その刺激をメンバーの中心で体現する今井は、当時まだ小学3年生だった。子役とは、総じてませた存在感の持ち主だが、今井の場合は変に装飾されていない人懐っこさが朗らかでもあった。
◆須賀健太とのツートップ子役時代
「こりこりまりもっこり」がヒットする前からすでに注目されていた。リリースの前の年、2007年5月に公開された『パッチギ!LOVE&PEACE』では、骨太な井筒和幸監督作品の世界に大人俳優顔負けですっぽりはまりこんでいた。
同年8月に放送された『はだしのゲン』(フジテレビ)に弟役で出演したことで、「あのときの子役!」と広く人々が記憶するきっかけになったかもしれない。公開年が近い映画作品だと『ALWAYS 三丁目の夕日』(2005年)がある。同作の須賀健太も一時代を象徴する子役だった。
2000年代中頃から後半にかけては、須賀健太と今井悠貴のツートップ子役時代と区分してもいいかもしれない。時代が少し下って2011年公開の『白夜行』では、高良健吾の子ども時代を演じ、船越英一郎もどきりとした様子の寒ざむしい表情を暗がりに浮かべていた。陽も陰も使い分ける。息の長い芸達者ぶりである。
◆猪爪家が輩出する初めてのミュージシャン
同時代で見てきた視聴者にとっては、『虎に翼』の直治役での登場はそれなりに胸が熱くなったのではないだろうか。なにせ初登場からかなりインパクトがある。
高校3年生になった直治はサックスにのめり込んでいる。いつでもどこでも吹いて、誰かに聴かせたくてうずうずしている。寅子と優未の帰還を祝う夕食では、一興としてさっそく披露する。甥っ子の演奏を聴く寅子もにっこにこでうきうき。

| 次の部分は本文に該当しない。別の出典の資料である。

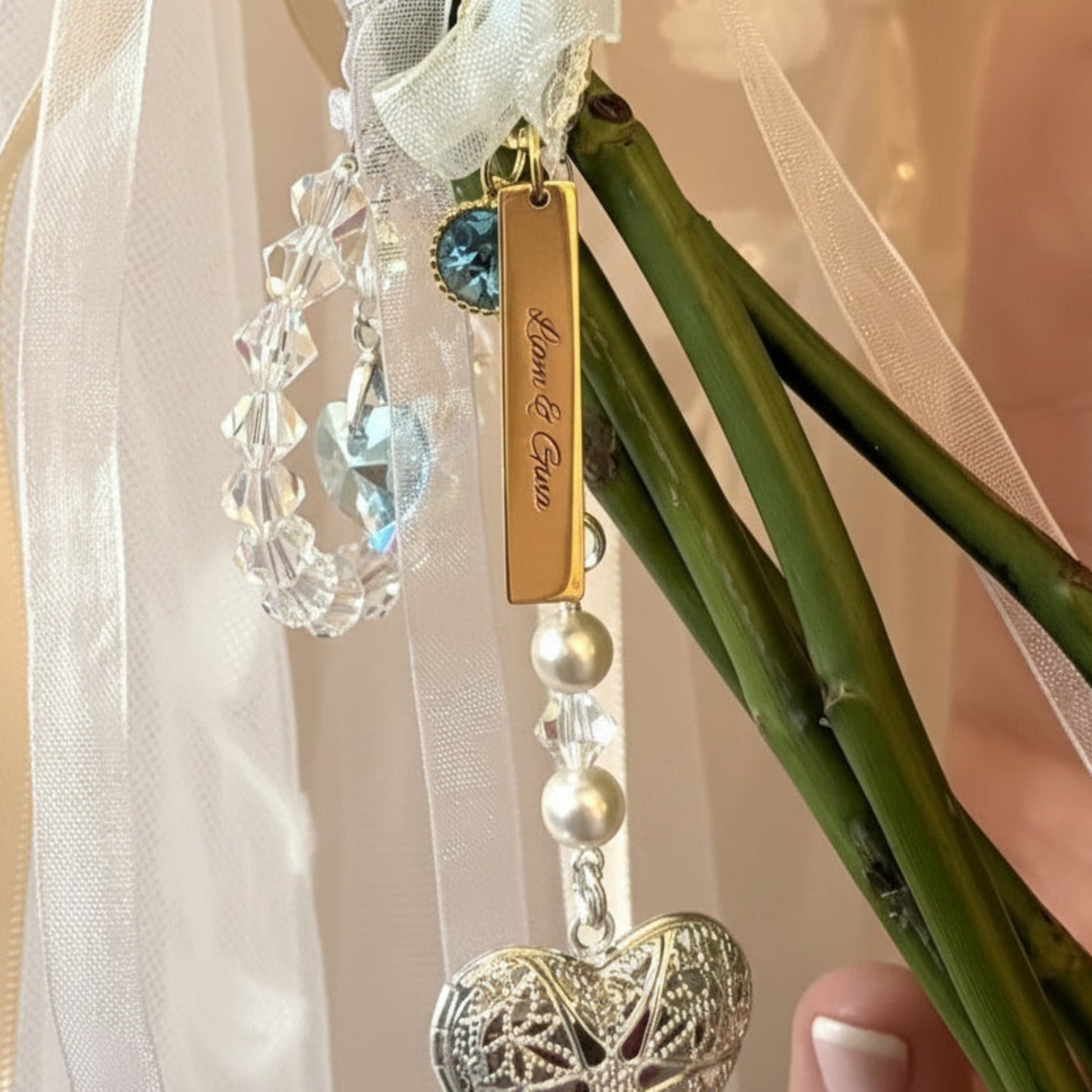 A circle of blue crystals surround a blue crystal heart - shown on a customer's bouquet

猪爪家が輩出する初めてのミュージシャンでもある。有名なプレイヤーになるんだと夢であふれる。いいぞいいぞ。目指せジャズメン。寅子に応援された直治が「俺にはわかってたよ」とへらへらするのは、戦死した父・猪爪直道(上川周作)ゆずりの茶目っ気だろう。確かにあの父からジャズメンが生まれるのはうなづける。